**Work to complete**
Return exactly those lines of the material below that fall between the line holding "Llegó a la casa" and the line holding "tens-of-thousands-protest-austerity-reforms-in-brussels", inclusive.

**Data under study**
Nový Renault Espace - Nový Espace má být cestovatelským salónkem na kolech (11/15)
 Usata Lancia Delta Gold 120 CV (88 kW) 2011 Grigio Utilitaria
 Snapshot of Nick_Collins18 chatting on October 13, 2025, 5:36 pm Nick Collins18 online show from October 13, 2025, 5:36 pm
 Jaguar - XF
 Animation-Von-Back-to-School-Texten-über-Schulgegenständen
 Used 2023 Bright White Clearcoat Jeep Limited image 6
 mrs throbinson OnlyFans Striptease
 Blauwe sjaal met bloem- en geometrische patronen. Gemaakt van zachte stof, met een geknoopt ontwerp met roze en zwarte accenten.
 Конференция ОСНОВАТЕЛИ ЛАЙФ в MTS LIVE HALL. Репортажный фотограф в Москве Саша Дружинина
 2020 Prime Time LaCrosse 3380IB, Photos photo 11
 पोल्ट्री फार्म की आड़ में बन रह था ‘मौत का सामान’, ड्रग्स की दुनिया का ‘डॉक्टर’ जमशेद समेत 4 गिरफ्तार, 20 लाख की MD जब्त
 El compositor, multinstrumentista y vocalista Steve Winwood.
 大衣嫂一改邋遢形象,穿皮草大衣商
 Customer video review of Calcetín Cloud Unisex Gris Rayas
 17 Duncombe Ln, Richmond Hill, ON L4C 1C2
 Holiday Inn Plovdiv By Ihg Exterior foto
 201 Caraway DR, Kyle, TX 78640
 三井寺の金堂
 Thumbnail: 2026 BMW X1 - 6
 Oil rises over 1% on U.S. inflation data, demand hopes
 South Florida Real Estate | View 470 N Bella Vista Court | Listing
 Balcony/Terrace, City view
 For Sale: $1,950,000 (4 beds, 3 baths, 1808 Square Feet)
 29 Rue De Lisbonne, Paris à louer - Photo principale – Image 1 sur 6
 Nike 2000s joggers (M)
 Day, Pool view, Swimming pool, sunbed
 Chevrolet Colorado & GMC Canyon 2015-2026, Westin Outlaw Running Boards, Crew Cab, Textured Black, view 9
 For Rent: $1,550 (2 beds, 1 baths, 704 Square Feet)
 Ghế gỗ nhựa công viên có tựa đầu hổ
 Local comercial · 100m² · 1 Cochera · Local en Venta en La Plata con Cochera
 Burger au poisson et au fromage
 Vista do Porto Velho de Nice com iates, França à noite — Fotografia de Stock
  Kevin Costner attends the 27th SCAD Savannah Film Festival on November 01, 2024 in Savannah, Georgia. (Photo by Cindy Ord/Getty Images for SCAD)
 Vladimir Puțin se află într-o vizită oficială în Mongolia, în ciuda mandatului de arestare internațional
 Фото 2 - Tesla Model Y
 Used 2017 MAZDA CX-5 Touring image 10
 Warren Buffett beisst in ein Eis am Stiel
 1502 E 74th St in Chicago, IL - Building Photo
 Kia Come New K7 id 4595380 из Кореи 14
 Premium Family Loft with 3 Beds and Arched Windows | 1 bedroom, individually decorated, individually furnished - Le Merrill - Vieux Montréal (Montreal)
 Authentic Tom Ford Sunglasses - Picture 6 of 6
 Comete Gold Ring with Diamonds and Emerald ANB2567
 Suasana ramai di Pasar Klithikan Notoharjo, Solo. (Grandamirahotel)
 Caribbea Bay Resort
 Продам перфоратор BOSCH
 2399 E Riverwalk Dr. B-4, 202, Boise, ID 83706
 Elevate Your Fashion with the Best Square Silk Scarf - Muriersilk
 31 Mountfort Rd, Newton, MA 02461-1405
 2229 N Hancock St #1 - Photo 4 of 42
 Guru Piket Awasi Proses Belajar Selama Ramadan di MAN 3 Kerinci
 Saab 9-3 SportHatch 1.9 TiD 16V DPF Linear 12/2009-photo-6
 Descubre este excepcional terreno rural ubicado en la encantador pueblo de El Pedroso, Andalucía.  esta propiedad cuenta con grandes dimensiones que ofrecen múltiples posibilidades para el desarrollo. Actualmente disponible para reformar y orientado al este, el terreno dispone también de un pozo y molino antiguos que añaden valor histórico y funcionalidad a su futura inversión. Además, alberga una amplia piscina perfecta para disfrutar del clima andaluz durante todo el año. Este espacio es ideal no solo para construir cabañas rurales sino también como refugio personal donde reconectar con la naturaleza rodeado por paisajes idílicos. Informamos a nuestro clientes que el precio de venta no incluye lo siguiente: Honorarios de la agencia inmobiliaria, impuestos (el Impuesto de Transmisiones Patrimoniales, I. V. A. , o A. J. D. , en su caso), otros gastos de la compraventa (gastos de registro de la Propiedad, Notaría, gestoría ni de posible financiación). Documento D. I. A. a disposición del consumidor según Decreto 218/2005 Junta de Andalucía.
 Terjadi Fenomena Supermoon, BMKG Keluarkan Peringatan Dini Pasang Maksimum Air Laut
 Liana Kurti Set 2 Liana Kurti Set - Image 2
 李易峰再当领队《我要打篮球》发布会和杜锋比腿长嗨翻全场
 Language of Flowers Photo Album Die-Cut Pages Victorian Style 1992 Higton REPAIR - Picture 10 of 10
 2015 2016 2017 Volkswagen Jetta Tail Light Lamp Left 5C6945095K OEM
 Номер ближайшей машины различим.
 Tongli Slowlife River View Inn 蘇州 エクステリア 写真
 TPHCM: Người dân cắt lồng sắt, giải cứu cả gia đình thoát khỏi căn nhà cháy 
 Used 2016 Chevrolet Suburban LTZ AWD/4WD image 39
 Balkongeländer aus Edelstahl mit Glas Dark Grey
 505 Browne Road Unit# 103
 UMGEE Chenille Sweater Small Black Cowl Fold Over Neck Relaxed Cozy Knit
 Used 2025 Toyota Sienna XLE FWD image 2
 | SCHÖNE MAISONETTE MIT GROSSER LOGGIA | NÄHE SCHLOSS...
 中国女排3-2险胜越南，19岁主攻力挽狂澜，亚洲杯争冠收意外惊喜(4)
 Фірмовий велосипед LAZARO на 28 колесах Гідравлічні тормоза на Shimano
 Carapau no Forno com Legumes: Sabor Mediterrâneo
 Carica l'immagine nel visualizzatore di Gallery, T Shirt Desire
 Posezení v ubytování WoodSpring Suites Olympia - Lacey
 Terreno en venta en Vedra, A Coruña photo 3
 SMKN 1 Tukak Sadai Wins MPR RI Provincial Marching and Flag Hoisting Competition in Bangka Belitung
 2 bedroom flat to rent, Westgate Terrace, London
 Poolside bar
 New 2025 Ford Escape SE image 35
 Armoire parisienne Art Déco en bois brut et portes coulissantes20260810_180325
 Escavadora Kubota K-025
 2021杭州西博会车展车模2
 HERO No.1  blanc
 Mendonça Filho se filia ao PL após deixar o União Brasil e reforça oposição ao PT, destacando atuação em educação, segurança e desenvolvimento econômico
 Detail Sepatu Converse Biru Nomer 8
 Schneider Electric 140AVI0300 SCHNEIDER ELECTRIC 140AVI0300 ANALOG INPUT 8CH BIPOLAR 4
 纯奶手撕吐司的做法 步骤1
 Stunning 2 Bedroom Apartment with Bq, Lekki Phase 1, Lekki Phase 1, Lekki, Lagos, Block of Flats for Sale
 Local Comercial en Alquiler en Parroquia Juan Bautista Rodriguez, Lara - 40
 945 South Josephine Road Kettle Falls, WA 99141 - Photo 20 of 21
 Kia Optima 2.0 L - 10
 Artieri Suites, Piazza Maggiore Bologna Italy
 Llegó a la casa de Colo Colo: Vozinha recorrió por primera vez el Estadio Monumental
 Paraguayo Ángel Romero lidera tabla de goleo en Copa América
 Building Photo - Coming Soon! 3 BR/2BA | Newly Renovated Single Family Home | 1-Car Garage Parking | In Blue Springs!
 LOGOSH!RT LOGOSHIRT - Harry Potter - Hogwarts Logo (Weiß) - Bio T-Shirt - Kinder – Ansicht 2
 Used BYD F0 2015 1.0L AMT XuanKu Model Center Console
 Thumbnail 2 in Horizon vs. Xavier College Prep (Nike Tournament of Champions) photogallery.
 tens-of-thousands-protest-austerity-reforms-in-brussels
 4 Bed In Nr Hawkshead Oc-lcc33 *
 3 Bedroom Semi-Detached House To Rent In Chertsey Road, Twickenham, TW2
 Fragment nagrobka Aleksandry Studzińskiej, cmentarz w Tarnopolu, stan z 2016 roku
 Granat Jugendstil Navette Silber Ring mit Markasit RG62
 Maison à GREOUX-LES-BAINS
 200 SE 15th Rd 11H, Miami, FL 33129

**Task answer**
 Llegó a la casa de Colo Colo: Vozinha recorrió por primera vez el Estadio Monumental
 Paraguayo Ángel Romero lidera tabla de goleo en Copa América
 Building Photo - Coming Soon! 3 BR/2BA | Newly Renovated Single Family Home | 1-Car Garage Parking | In Blue Springs!
 LOGOSH!RT LOGOSHIRT - Harry Potter - Hogwarts Logo (Weiß) - Bio T-Shirt - Kinder – Ansicht 2
 Used BYD F0 2015 1.0L AMT XuanKu Model Center Console
 Thumbnail 2 in Horizon vs. Xavier College Prep (Nike Tournament of Champions) photogallery.
 tens-of-thousands-protest-austerity-reforms-in-brussels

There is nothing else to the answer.